# Cross-side to compression choke



## Andrew Green (Nov 16, 2005)

Well, it snowed pretty bad here yesterday, and class was really rather small, so we took some pictures of some randomly pulled techniques.  Here's the first:



I have kyle in a cross side position, and grab my right knee with my right hand.


----------



## Andrew Green (Nov 16, 2005)

Seeing that his right knee is within reach I sit up and grab his leg, hooking it with my left arm.


----------



## Andrew Green (Nov 16, 2005)

Grabbing my knees I push my back into him and squeeze my knees together compressing his chest so that he can't breath.


----------



## arnisador (Nov 16, 2005)

A personal favorite. I'm a man-handler! If the left hand slips, though, you run the risk of him working towards your back...I only do it with those I outweigh enough to get away with it.


----------



## Rebiu (May 13, 2007)

Bad technique.

Only works on people with a stiff back of extremely low tolorance for discomfort.

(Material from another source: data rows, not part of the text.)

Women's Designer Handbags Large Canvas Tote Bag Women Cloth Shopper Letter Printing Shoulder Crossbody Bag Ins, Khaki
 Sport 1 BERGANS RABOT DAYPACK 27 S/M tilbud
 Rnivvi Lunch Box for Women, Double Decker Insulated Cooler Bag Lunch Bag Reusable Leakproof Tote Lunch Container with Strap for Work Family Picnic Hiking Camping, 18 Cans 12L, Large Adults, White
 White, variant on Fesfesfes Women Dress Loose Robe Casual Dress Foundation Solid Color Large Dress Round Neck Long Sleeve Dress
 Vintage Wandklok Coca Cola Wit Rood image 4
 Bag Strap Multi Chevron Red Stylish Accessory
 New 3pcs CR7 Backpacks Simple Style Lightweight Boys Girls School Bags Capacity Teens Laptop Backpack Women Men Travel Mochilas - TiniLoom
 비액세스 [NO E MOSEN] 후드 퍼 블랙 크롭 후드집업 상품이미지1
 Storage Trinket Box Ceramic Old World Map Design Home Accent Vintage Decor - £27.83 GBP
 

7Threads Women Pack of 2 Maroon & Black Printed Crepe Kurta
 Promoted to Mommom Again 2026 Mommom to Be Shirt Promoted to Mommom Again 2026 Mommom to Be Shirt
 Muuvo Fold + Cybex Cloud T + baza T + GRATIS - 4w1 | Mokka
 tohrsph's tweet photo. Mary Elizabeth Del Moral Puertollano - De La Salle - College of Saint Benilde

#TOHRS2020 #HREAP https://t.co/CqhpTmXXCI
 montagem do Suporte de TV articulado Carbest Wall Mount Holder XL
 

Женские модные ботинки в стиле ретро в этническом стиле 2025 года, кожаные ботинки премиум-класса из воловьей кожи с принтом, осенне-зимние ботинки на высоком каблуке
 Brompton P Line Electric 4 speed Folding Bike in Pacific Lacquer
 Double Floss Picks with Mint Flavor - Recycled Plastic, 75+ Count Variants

1.  You grab the hamstring just below the knee not the knee in this control.


----------



## Andrew Green (May 13, 2007)

Rebiu said:


> Bad technique.
> 
> Only works on people with a stiff back of extremely low tolorance for discomfort.
> 
> 1.  You grab the hamstring just below the knee not the knee in this control.




You assume that a technique has to result in a tap to be effective, this sucks, even if you don't tap.  Forces the guy to fight out, which is good as he is uncomfortable and burning more energy to do so, often leading to other opportunities as well.


----------



## Rebiu (May 14, 2007)

Andrew Green said:


> You assume that a technique has to result in a tap to be effective, this sucks, even if you don't tap.  Forces the guy to fight out, which is good as he is uncomfortable and burning more energy to do so, often leading to other opportunities as well.



I suppose that is true.  It is difficult to transition out of this one without getting triangled.


----------